PROBLEM REQUIREMENTS: Among the entries below, which lines run from the line with "avesh khan celebrates" through the line with "Umbrella is protecting"? Retype those, both ends included, exactly and without pictures.

ENTRIES SUPPLIED:
BEGIN
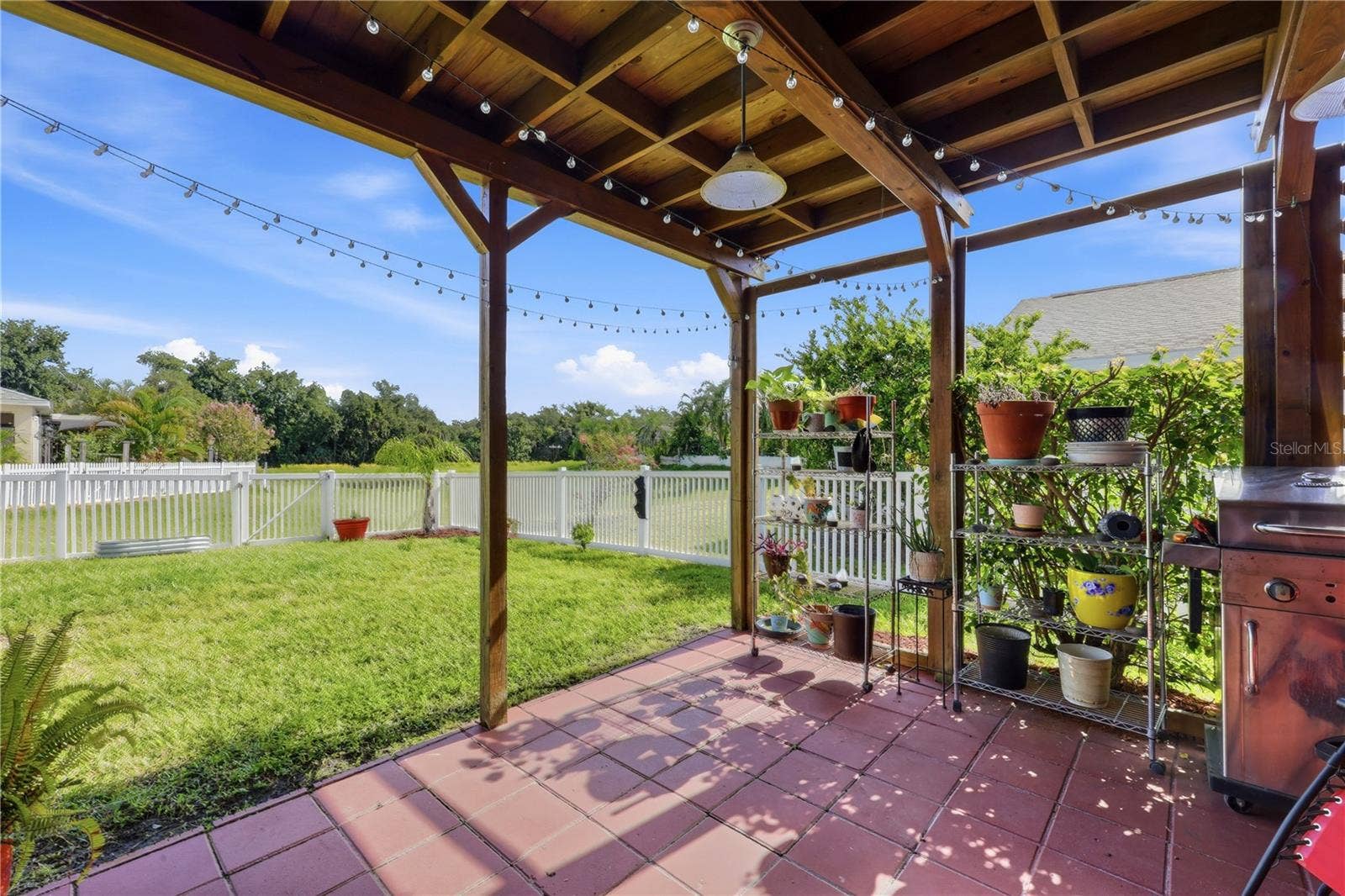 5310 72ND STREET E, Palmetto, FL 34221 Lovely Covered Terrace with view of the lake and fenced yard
END
BEGIN
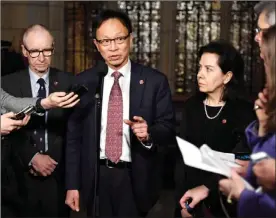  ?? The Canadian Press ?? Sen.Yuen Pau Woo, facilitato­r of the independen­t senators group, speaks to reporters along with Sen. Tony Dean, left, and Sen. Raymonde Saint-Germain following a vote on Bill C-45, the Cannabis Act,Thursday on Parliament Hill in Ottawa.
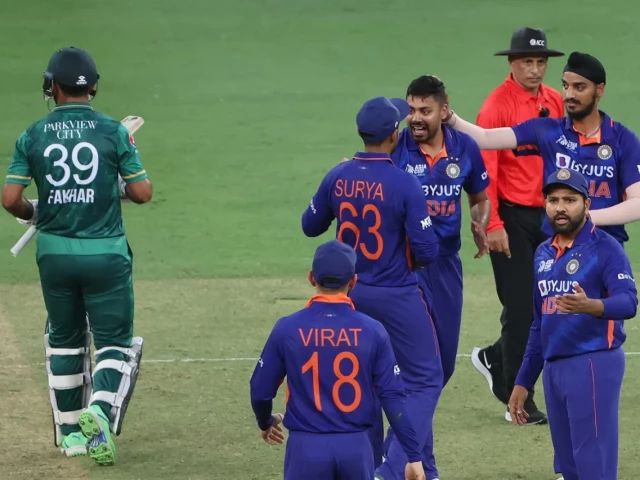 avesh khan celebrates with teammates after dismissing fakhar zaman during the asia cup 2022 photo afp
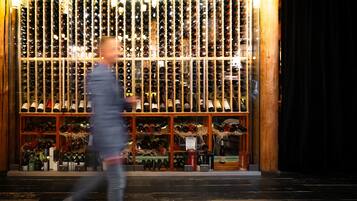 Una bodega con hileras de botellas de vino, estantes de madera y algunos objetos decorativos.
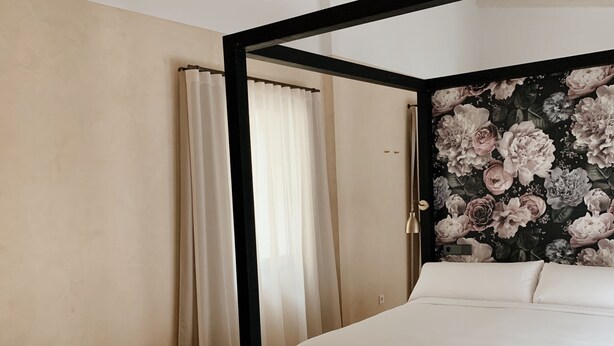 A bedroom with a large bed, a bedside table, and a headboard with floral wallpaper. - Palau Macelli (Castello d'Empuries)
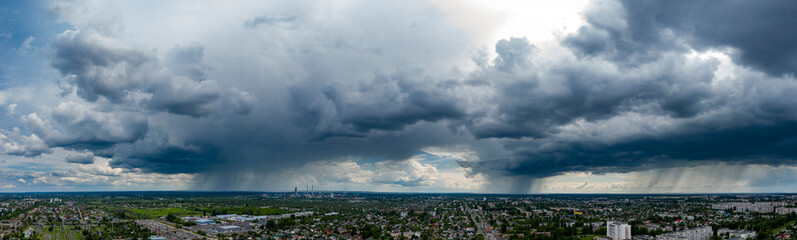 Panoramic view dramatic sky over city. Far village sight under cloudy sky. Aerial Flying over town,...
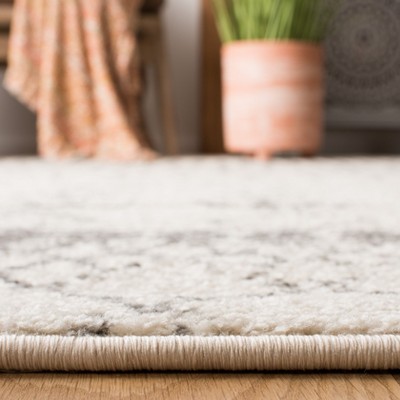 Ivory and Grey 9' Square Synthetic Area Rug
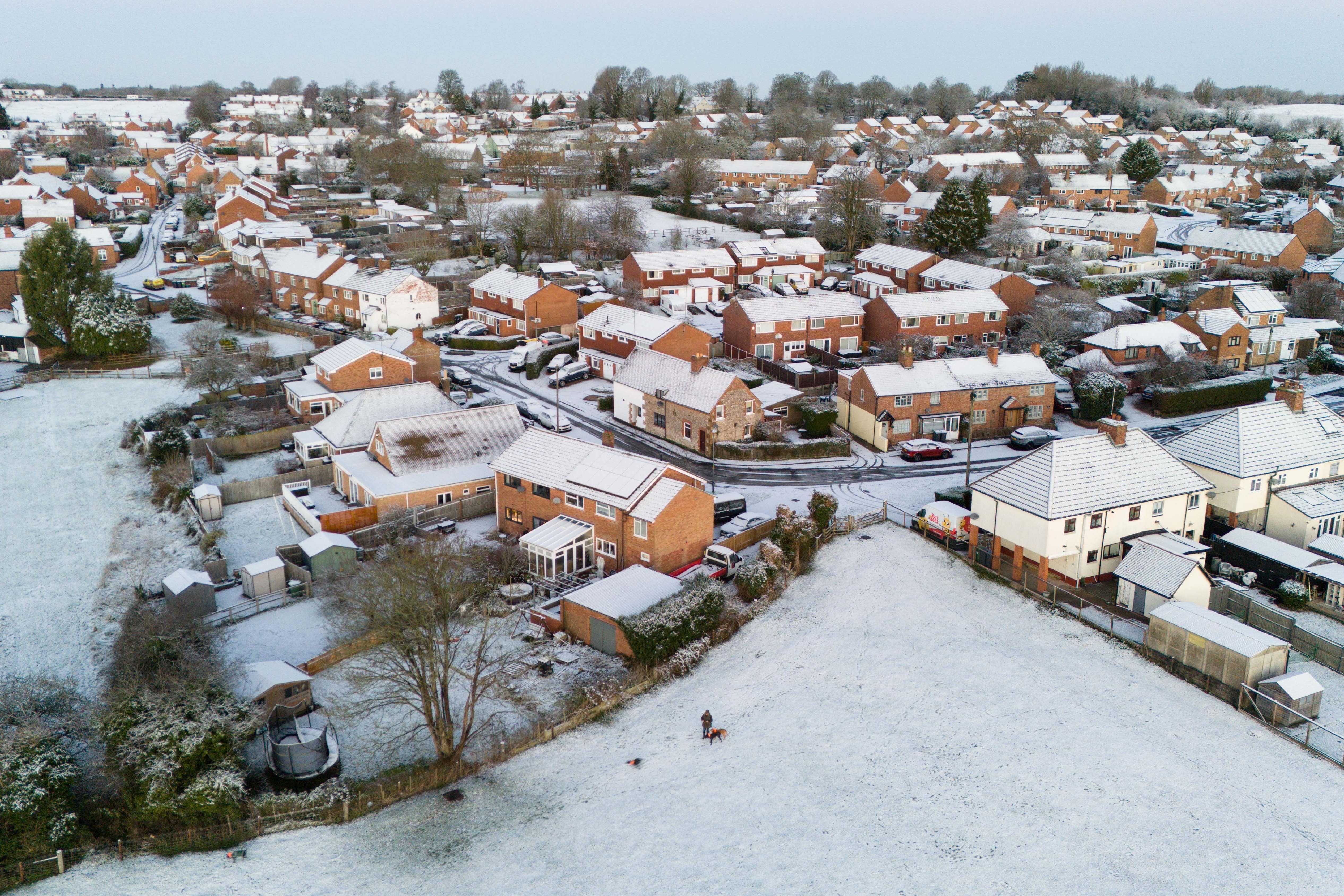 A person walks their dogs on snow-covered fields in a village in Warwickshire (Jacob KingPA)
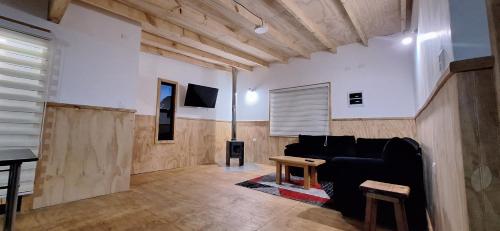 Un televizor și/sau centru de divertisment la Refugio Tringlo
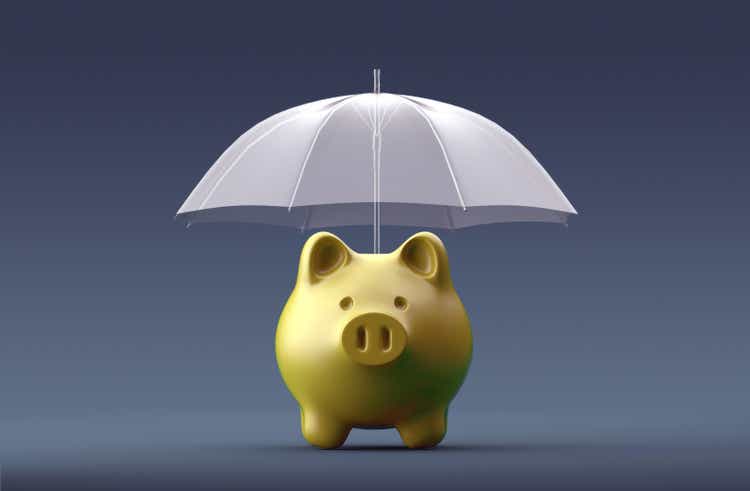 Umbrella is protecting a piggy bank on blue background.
END
ANSWER TO THIS PROBLEM:
 avesh khan celebrates with teammates after dismissing fakhar zaman during the asia cup 2022 photo afp
 Una bodega con hileras de botellas de vino, estantes de madera y algunos objetos decorativos.
 A bedroom with a large bed, a bedside table, and a headboard with floral wallpaper. - Palau Macelli (Castello d'Empuries)
 Panoramic view dramatic sky over city. Far village sight under cloudy sky. Aerial Flying over town,...
 Ivory and Grey 9' Square Synthetic Area Rug
 A person walks their dogs on snow-covered fields in a village in Warwickshire (Jacob KingPA)
 Un televizor și/sau centru de divertisment la Refugio Tringlo
 Umbrella is protecting a piggy bank on blue background.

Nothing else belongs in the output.